Thanks guys for the warm welcome.....

Seems like this is the place to be if you are going to be an owner or are already an owner of the mythical V breed. 

Chloe, I am getting my pup from Illinois from a breeder named Ron Chenoweth and his wife Denise who breed the dogs at their farm in Port Byron. I have been waiting a long time to get one so I did my research and they seem like a legit place. They also breed Jack Russell's and Horses as well so I know they have the experience. I spoke with Ron for about an hour or so the other night before I decided that his enthusiasm and love for the dogs make him a shoe in. The Sire is 20 Gauge Ruger who was the 2008 National Gun Dog Champion and a Dual Champion as well and a more than accomplished stud. The female Penny, just gave birth on the 20th of December and it was her first litter. He should be here middle to late February and I can't wait. 

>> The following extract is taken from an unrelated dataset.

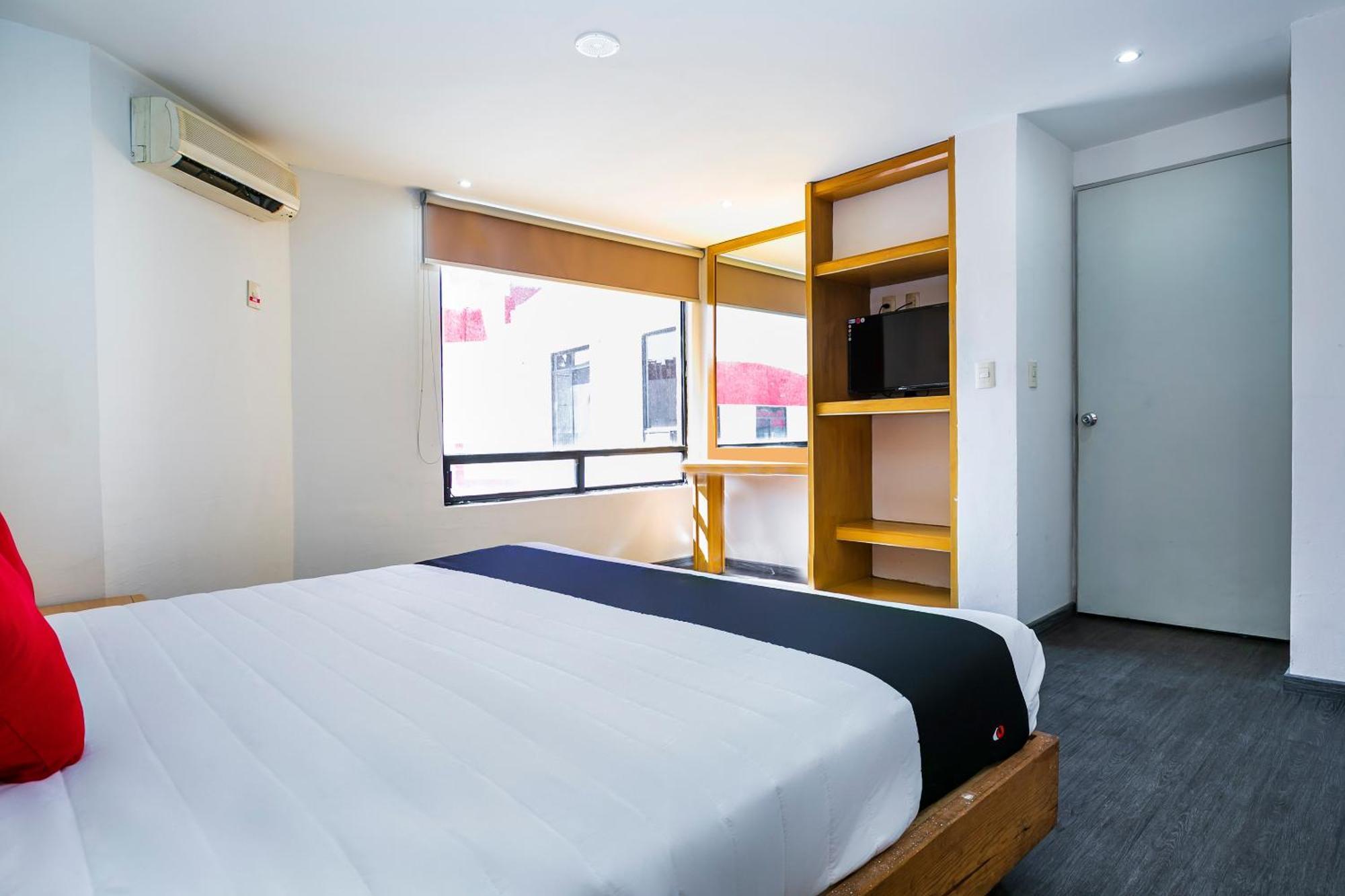 Capital O Casa Blanca, Hotel 4*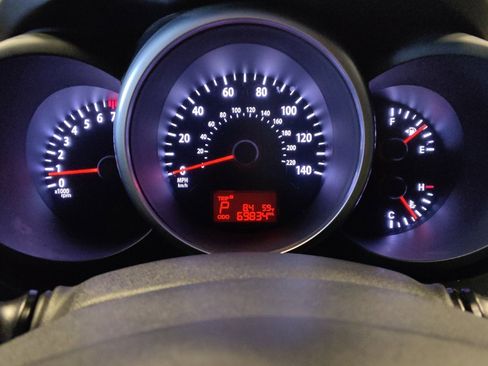 Used 2013 Kia Soul + image 23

Vlicked, Thanks for all the great knowledge about crate training. It is awesome that I work so close to home and I will definitely need to sneak out around lunch to let him out and I will bring him back with me to work for the first couple weeks. I know there are some days in the afternoon that I end up working late, but I can always leave and bring him back with me while I finish up the day's work. I have gone through this all before but I was young and I was still in school so I had the whole summer to raise my GSP, Magnum, who is the apple of my eye. He will soon have a little play buddy to romp around with at my parent's house. 

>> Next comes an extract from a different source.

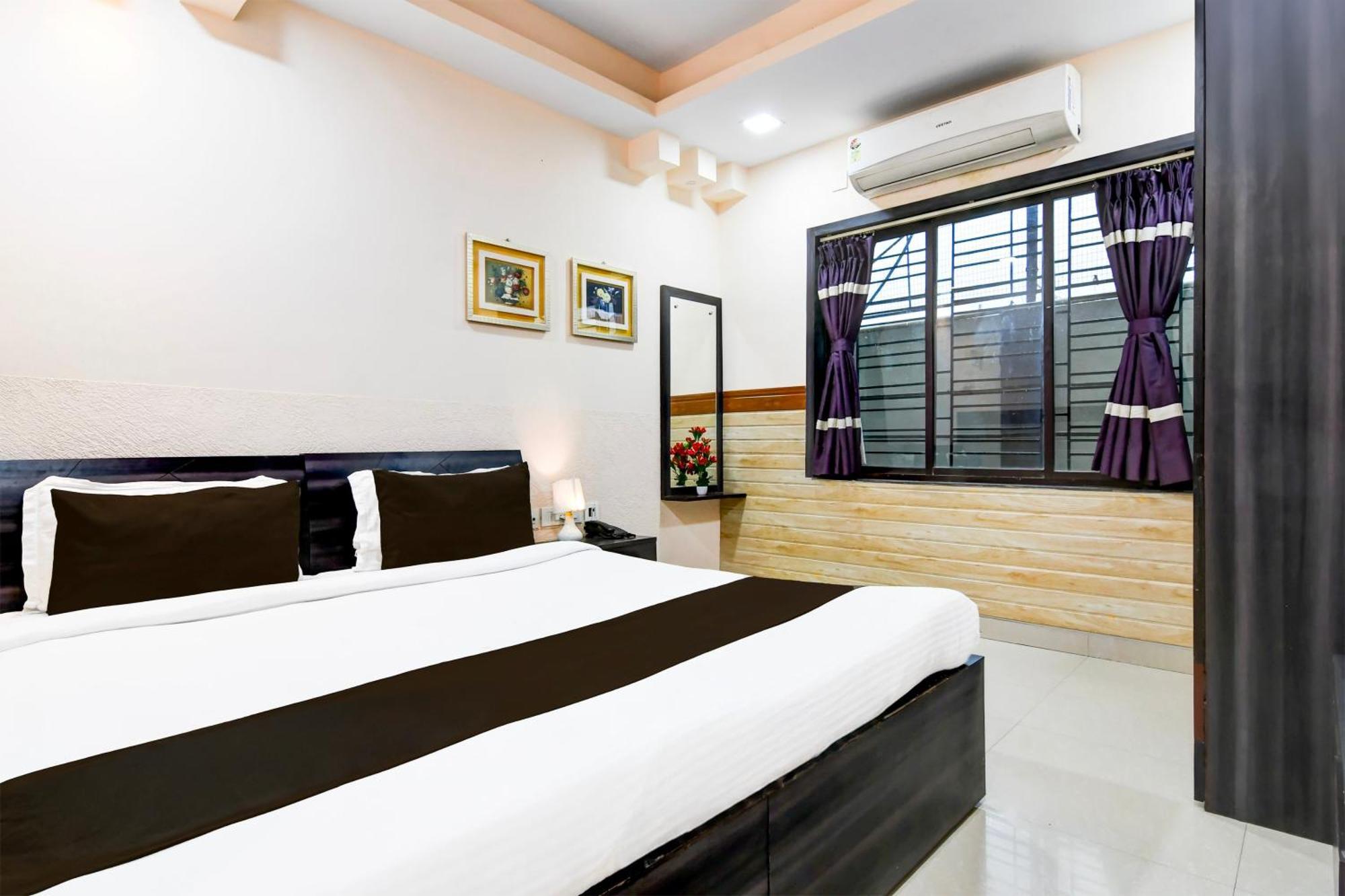 Hotel Super Collection O Behala Bhasa Esterno foto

Next topic................Names....................Any ideas?????
I want to go Hungarian or something of that nature and since I have a GSP named Magnum I was thinking of keeping in the whole gun theme. So far I have:
Ruger- His dad's name
Kaiser, or Kyzer
Kende- Name of Honor
Gabor- Warrior of God
Luger


----------



## Vizsla-Chloe (Jan 2, 2009)

NH - 
We are getting our pup from Minnesota on the 19th of February. She was born 24th of December, so I was just wondering if there could possibly be a connection. Guess not, but we will defiently have to give each other updates as we move along, since our pups will be only a few days apart! Hope to hear from you soon, and GOOD LUCK!


----------



## 1notenough (Sep 6, 2008)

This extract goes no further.